▸ **Exercise directions**
Extract, without alteration, each line from the start of the listing to the line bearing "1316 Vinewood St, Wyandotte, MI".

▸ **Available data**
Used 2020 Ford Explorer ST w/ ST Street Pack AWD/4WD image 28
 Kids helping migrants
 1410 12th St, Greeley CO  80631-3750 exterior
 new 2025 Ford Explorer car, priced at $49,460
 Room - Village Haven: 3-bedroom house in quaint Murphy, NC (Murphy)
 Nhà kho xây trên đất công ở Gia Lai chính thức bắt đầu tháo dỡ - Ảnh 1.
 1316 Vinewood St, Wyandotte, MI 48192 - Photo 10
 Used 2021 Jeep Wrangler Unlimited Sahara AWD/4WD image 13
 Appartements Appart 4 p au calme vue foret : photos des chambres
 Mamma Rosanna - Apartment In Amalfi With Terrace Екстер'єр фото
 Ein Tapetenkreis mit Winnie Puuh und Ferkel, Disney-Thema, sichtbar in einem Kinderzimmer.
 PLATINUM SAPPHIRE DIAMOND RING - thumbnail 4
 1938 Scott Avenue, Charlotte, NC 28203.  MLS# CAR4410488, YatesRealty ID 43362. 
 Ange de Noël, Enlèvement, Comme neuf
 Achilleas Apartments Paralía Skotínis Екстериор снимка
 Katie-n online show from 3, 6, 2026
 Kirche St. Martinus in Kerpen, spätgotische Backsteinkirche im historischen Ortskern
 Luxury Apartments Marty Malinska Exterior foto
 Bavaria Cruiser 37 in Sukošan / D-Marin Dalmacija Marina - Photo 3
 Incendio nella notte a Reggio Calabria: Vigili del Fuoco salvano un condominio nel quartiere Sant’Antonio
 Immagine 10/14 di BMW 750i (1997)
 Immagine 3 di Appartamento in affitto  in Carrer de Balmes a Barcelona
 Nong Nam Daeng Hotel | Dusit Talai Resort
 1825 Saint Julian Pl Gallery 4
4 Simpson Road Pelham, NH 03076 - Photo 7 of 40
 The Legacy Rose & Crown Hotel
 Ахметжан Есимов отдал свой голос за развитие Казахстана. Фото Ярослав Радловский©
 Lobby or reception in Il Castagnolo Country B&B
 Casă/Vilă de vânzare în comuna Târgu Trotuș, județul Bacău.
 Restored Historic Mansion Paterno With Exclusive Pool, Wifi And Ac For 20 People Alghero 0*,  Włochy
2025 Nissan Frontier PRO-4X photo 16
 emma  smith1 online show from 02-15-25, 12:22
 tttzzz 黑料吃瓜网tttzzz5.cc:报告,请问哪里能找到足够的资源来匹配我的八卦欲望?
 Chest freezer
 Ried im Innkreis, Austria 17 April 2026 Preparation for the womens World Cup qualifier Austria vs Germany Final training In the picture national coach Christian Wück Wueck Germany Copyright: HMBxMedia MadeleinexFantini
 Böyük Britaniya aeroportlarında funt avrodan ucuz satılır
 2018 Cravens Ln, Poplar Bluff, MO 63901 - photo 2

▸ **Written solution**
Used 2020 Ford Explorer ST w/ ST Street Pack AWD/4WD image 28
 Kids helping migrants
 1410 12th St, Greeley CO  80631-3750 exterior
 new 2025 Ford Explorer car, priced at $49,460
 Room - Village Haven: 3-bedroom house in quaint Murphy, NC (Murphy)
 Nhà kho xây trên đất công ở Gia Lai chính thức bắt đầu tháo dỡ - Ảnh 1.
 1316 Vinewood St, Wyandotte, MI 48192 - Photo 10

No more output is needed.